Missile Defense: Worth the Wait

Despite recent “rogue state” missile tests, the Obama administration is still sitting on missile defense shield plans for Central Europe, waiting, with wisdom, Jeremy Druker comments for ISN Security Watch.

The recent missile tests by North Korea and Iran would have been an easy excuse for the Obama administration to fast forward Bush-era plans for an ambitious anti-missile defense shield to protect the US and Europe from attacks by “rogue states.” But Washington appears to be sticking to its original intention of reassessing that strategy, and, with each passing week, the wait-and-see approach seems the wisest one.

Key to any decision appears to be the desire for a more constructive relationship with Russia. Moscow has long opposed plans to station parts of the shield in the Czech Republic and Poland, its former satellites, and has claimed that one of the project’s real aims is to contain Russia.

A report released by the EastWest Institute (EWI) last month favors patience. A group of US and Russian scientists and defense experts argue that Iran won’t have the capability to launch a nuclear missile attack on Europe for many years, perhaps as much as a decade.

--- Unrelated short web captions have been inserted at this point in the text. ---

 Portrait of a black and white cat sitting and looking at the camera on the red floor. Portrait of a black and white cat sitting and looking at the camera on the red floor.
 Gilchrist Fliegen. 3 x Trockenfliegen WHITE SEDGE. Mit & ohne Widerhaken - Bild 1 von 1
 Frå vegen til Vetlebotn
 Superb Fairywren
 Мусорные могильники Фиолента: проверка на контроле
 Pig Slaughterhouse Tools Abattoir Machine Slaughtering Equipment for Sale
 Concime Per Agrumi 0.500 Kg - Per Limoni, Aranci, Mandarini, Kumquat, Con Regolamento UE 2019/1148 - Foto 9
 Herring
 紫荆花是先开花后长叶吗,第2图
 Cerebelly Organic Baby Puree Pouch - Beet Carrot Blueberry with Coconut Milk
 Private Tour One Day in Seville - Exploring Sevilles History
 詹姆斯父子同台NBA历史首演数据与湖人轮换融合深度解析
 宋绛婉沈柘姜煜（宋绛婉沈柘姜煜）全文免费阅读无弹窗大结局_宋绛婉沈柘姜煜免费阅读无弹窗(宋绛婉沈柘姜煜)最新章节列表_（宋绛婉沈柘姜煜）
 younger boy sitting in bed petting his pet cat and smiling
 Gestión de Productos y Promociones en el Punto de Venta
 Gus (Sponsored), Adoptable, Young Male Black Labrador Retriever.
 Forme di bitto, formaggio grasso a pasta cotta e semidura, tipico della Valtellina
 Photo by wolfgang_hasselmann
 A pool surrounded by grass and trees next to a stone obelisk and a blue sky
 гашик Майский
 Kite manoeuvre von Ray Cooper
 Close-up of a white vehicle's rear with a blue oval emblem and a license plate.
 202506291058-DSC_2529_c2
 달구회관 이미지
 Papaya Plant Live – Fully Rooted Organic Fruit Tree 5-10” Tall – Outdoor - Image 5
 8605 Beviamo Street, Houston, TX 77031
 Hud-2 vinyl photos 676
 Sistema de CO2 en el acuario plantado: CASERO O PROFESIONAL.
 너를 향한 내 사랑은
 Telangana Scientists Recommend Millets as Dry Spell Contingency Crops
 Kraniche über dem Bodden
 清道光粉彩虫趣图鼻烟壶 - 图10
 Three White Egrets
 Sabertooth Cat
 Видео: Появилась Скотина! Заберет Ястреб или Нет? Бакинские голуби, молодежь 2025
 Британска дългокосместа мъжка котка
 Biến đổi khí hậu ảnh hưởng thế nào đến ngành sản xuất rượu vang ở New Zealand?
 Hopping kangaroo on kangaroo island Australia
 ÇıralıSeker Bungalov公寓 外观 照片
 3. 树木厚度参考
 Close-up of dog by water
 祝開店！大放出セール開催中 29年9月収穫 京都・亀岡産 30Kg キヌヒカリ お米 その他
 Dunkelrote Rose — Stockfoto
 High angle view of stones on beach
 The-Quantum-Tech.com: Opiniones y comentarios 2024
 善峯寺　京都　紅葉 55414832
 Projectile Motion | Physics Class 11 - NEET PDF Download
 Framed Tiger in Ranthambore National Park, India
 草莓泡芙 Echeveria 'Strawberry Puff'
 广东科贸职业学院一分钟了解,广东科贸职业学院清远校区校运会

While that is a risky prediction to make, the report’s other assertions - that Iran would have to be suicidal to even contemplate such an attack, knowing the response, and that the missile system should be constructed with Russian assistance - already make a lot of sense.

As supporters of teaming up with Moscow on missile defense have argued, a regime such as Iran or North Korea would have to be doubly insane to also attack radar sites in Russia and invite a massive retaliation.

On top of that, the Russians continue to link the conclusion of a new Strategic Arms Reduction Treaty (START) with the anti-missile defense shield. The two sides seemed to make progress during the latest round of talks, which finished up 3 June, and there was even talk of an outline deal being ready in time for Obama’s visit to Moscow in early July.

It would be hard to believe that Washington would promise the Russians anything more than to postpone the decision about the shield at this point. But even that would be a significant move that would clarify the current administration’s thinking.

Some Republican lawmakers (who have already complained about recent cuts to the missile defense budget) , the defense establishment and politicians in Central Europe (who had invested so much capital in concluding unpopular Bush-era deals) will surely complain. They will rail about the latest missile tests and the embarrassment of letting an old Cold War enemy help dictate policy. 

Other critics, including many Democrats, will raise questions about whether Washington should plunge into such a close defensive partnership with a country as undemocratic as Russia.

Fair points, many of them, but the administration will need to make clear that the potential payoff of a new START deal - and maybe even a more effective missile shield down the line - would be worth the wait.